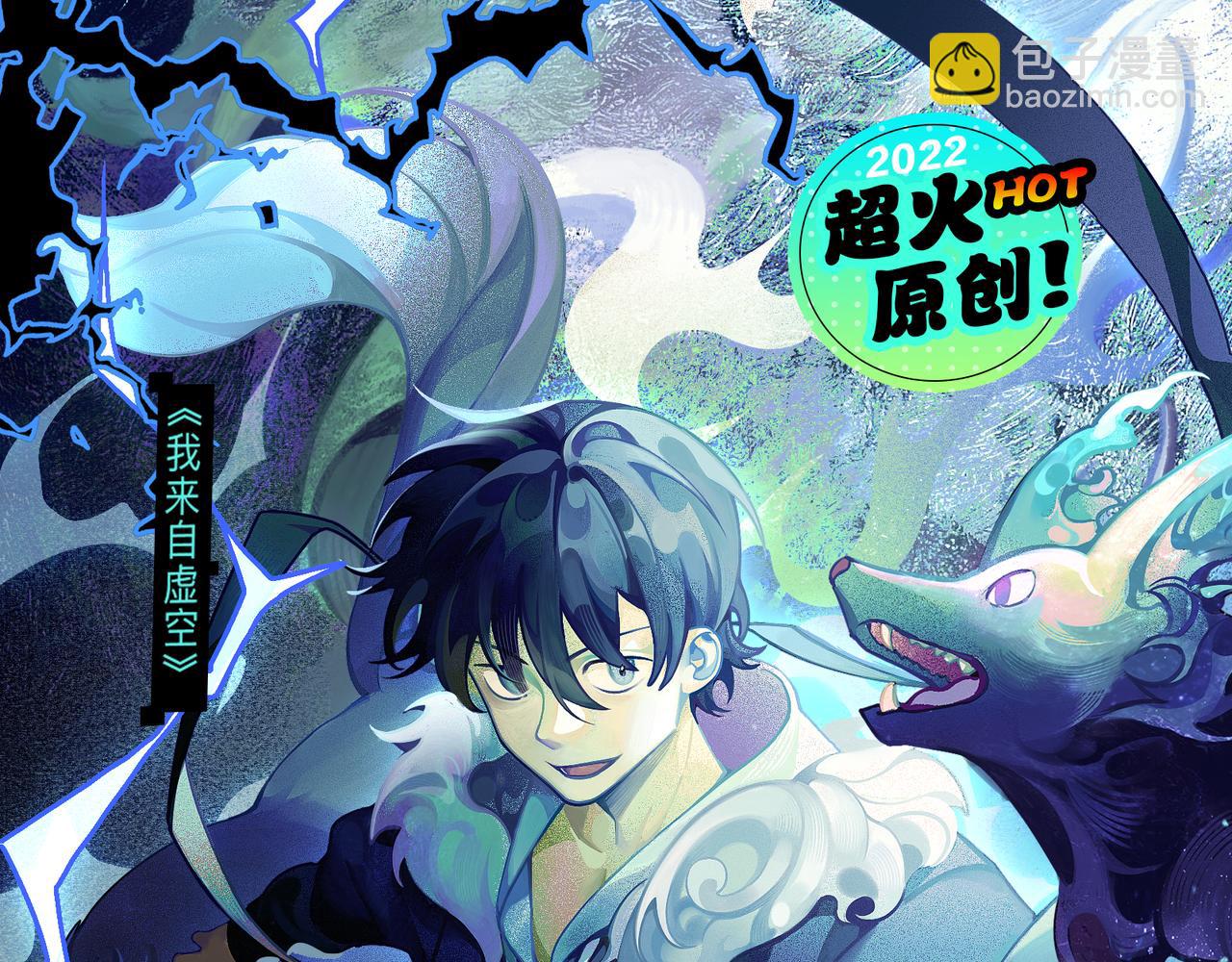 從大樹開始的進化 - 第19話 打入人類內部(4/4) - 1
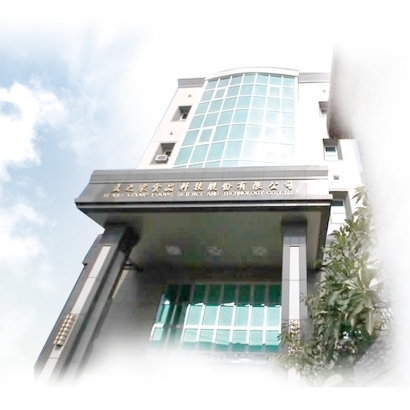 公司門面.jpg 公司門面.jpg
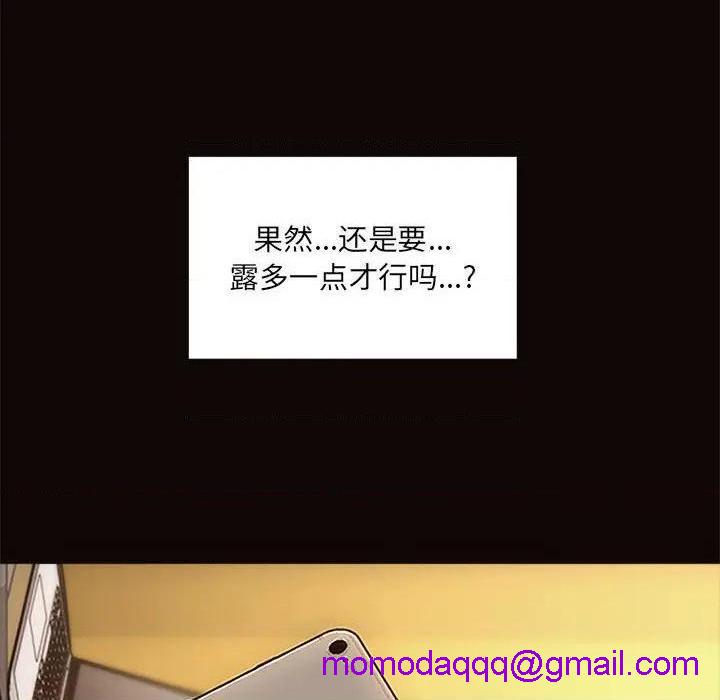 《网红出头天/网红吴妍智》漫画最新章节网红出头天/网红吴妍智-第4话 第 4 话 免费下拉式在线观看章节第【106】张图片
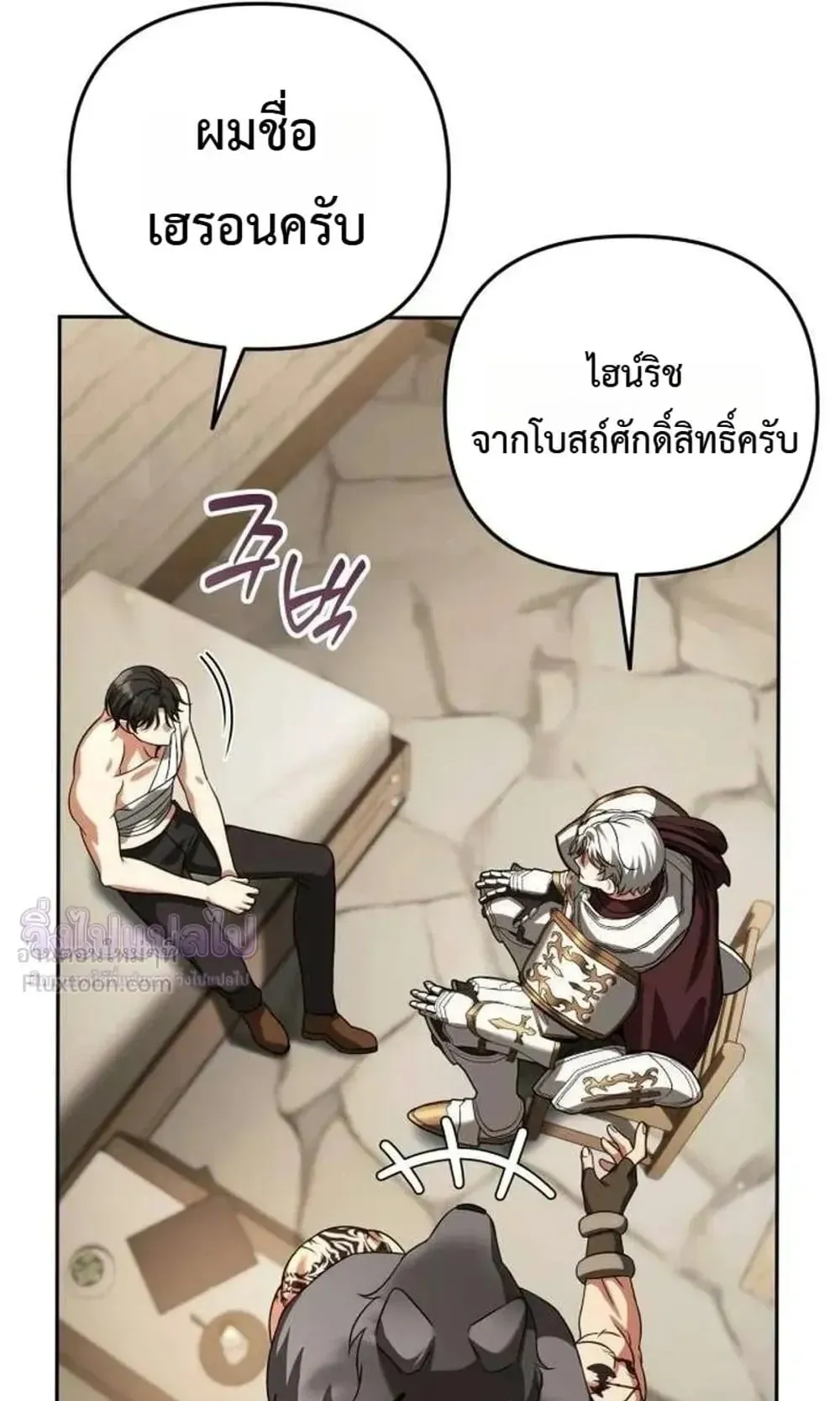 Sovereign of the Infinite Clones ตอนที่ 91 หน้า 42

********

Print, please, exactly the lines from the one holding "公司門面.jpg 公司門面.jpg" through the final line of the data, both included, while leaving out each picture.

 公司門面.jpg 公司門面.jpg
 《网红出头天/网红吴妍智》漫画最新章节网红出头天/网红吴妍智-第4话 第 4 话 免费下拉式在线观看章节第【106】张图片
 Sovereign of the Infinite Clones ตอนที่ 91 หน้า 42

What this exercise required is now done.